Doctor Who is dead! Long live Doctor Who!

Cartmel's influence can be felt here in a stylistic shift every bit as severe as the Robot/Ark in Space change 12 years before. Then, of course, Bob Holmes knew exactly the direction in which he wanted to take the programme, here Cartmel can do naught but betray his uncertainty. However, the inconsistent tone of Paradise Towers can perhaps be attributed to director rather than script editor. The criticism aimed at the cannibalism of The Two Doctors and Revelation coupled with the "more humour, less violence" directive picked up by Mallett from working on Mysterious Planet the year before leaves director and script at odds from which the serial never recovers.

The script itself is a blackly comic urban thriller, a template that would serve the programme well for its final three years.
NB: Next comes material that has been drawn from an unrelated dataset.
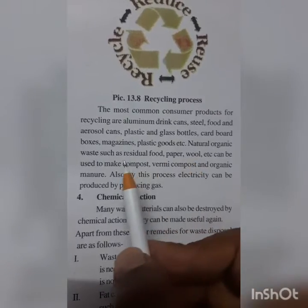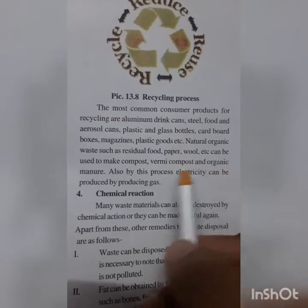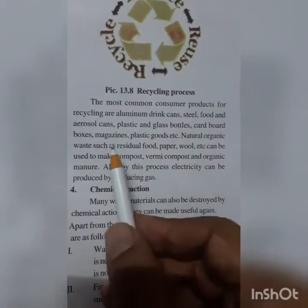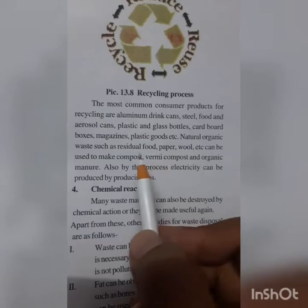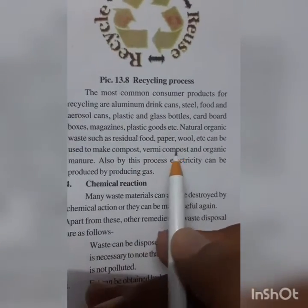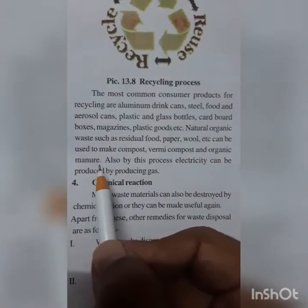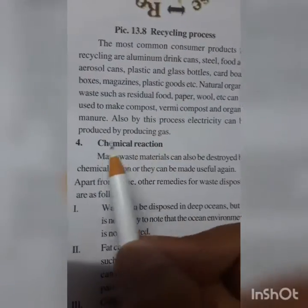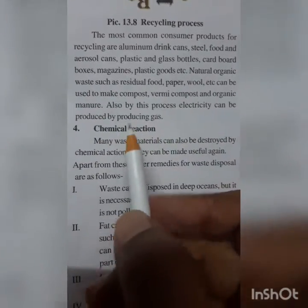Natural organic waste such as residual food, paper, and wool can be used to make compost, vermicompost, and organic manure. By this process, electricity can also be produced by generating gas.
However, black comedy is a very fragile and complex genre; every time the script aims for this target it is undermined by Mallet's reliance on slapstick.

It's sometimes hard to believe that this is the same director who two years later would pull an excellent performance out of Nicholas Parsons; here every performance is slightly off-key and no one can claim to have put in a good shift. In ninety minutes of television, only two scenes play out as the script intended; Sylvester's escape from the Caretakers and Tilda and Tabby's capture of Mel at the close of part two.

In Sylv's escape from the Caretakers we see the first seeds being sewn of the seventh Doctor's character proper. Subconsciously or not, Sylvester has taken Terrance Dick's "never cruel nor cowardly" edict to heart; acid baths and cyanide traps are a million miles away from this incarnation. His subversion of the Rule Book is the first in a long line of character moments that will eventually encompass talking Kane to death, befuddling Light and refusing to fight the Master. And that's just three I can think of on the hoof.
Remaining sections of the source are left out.